Cafarnaum


CINEMA SOBRE A URGÊNCIA DE VIVER

Cafarnaum! Em cartaz na temporada do Oscar. 
Cinema verdade, ácido, forte, com poesia mas sem glamour, com locações reais e um elenco de não atores, ao feitio da diretora libanesa Nadine Labaki.
De sua direção, e escrito e estrelado por ela, entre muitos outros ótimos filmes, pode-se destacar a comédia dramática, de estilo farsesco, E Agora Onde Vamos? (Líbano/França, 2011), intenso e divertido, onde um grupo de mulheres libanesas tenta acalmar a tensão religiosa entre homens cristãos e muçulmanos em conflito num vilarejo onde vivem, articulando ousadas peripécias. Ali, a oposição entre grupos religiosos e também entre homens e mulheres. 
Desta vez, com Cafarnaum (Líbano/França, 2018), que venceu o Prêmio do Júri do Festival de Cannes, Nadine nos leva a uma Beirute miserável, em seus cortiços, num drama de forte desalento, protagonizado por um menino em suas desventuras. Um painel com muitas questões sociais atuais, drama dos refugiados, violência doméstica, tráfico de crianças, a miséria das classes pobres no mundo árabe. Linguagem com exímio uso de câmera na mão, ágil e nervosa nas cenas de conflito, desespero, fuga e perseguição, e de drones para os planos gerais aéreos que nos mostram o contexto amplo da pobreza local. Um retrato admirável da composição sócio familiar de libaneses na linha da absoluta pobreza e marginalidade e a de refugiados sírios e africanos clandestinos no Líbano, na luta por escapar da iminente prisão e detenção. 

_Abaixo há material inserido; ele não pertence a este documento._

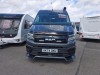 Used Wildax Altair Sport 2024 motorhome Image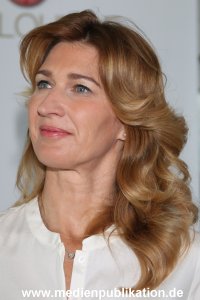 Steffi Graf Teekanne 17092014 124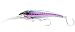 Nomad DTX Minnow Sinking - 200mm - 170g - Pink Mackerel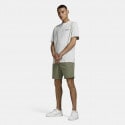 Jack & Jones Men's Chino Shorts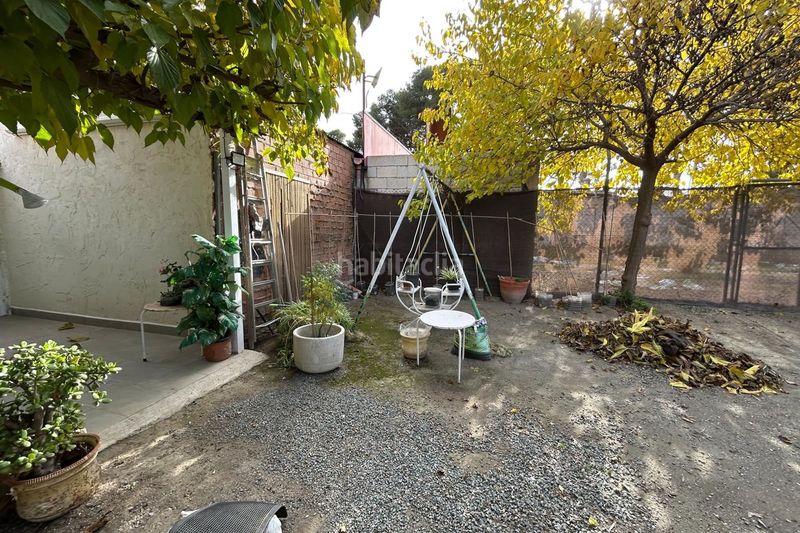 Foto ca414474-efaa-4ec7-b30b-692ab289a575. Casa a Puerto Lumbreras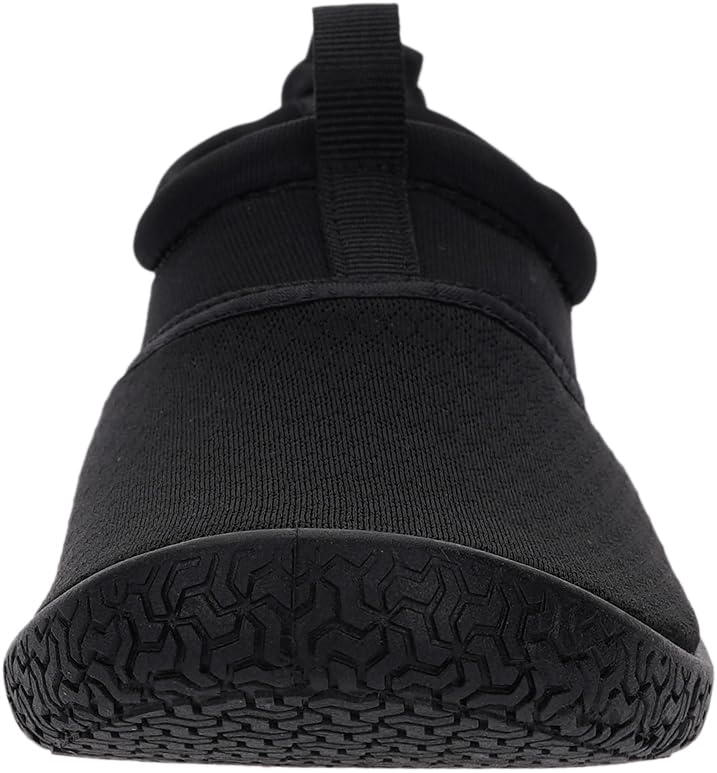 WHITIN Versatile Water Shoes for Men Women Z20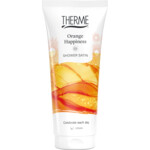 Therme Shower Gel Orange Happiness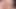 She rubs his frenulum causing multiple cumshots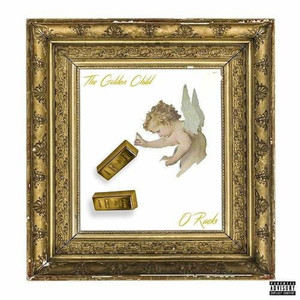 The Golden Child (Explicit)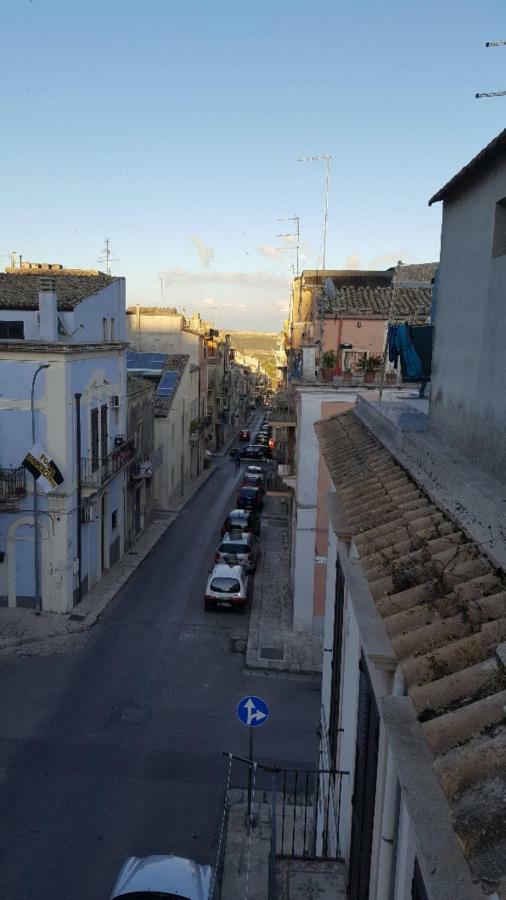 Ragusa Terra Priziusa Luaran gambar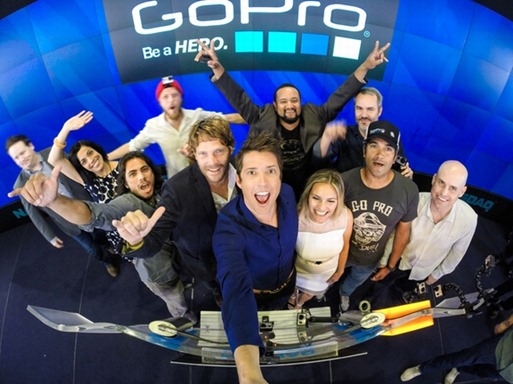 yu_gopro yu_gopro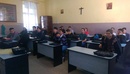 Imag0310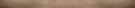 TCF2022_WOODHEADER.jpg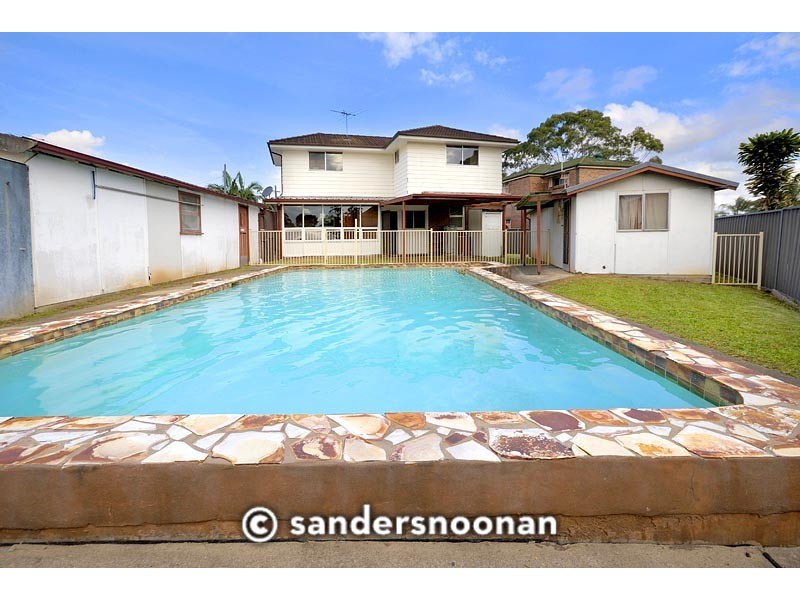 12 Coorabin Street, Riverwood NSW 2210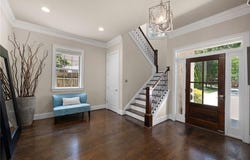 2601 Stoland Drive, Brookhaven, GA 30319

Realismo e fabulação andam junto. Depois de premiado em Cannes, está na disputa do Oscar de filme estrangeiro, com a única diretora mulher, concorrendo com Assunto de Família (Japão), de Hirokazu Koreeda, Guerra Fria (Polônia), de Pawel Pawlikowski, todos os três exibidos no recente Festival do Rio 2018, além de Nunca Deixe de Lembrar (Alemanha), de Florian Donnersmarck e o mexicano Roma, de Alfonso Cuarón, o vencedor do Leão de Ouro, em Veneza. Temos nesta edição o cinema libanês disputando seguidamente a estatueta de melhor produção estrangeira. O Insulto (comentado aqui no blog) em 2018, e em 2019 este Cafarnaum, que descortina as mazelas do povo pobre da periferia de Beirute, numa abordagem cinematográfica densa, que nos conduz e nos confronta com um olhar sobre um outro e adverso universo cultural, aliando observação crítica e sentimento. 
O menino Zain, protagonista, de aproximados 12 anos (ator Zain Al Rafeea), é um fora de série, um fenômeno artístico em sua representação do trágico e da esperança. No filme, o mundo ao redor é visto pelos seus olhos. Testemunha e vítima, junto com sua irmã mais nova, de abusos sexuais cometidos pelos pais e por traficantes de menores, escolhe a rua, lugar muitas vezes de violência, abandono e malandragem, como único espaço possível de liberdade. E é nela que se darão sua jornada e suas conexões com outros personagens do diverso cenário humano e social trazido pelo filme. 
Logo nas primeiras cenas, antes da trama voltar no tempo, somos introduzidos no libertário mundo de Zain, na sua coragem e determinação no enfrentamento de seu martírio, pelo inusitado e espantoso, ao ingressar com ação nos tribunais processando os pais por tê-lo posto no mundo. Na cena, a breve participação de Labaki no papel de sua advogada. Esse o surpreendente ponto de partida do filme. Triste e bela saga de um menino, pelo sofrimento e rebeldia, em sua urgência de viver e transformar sua realidade, em direção à maturidade. 
Mais um filme sensível e inteligente que nos mostra a maioridade do cinema libanêz.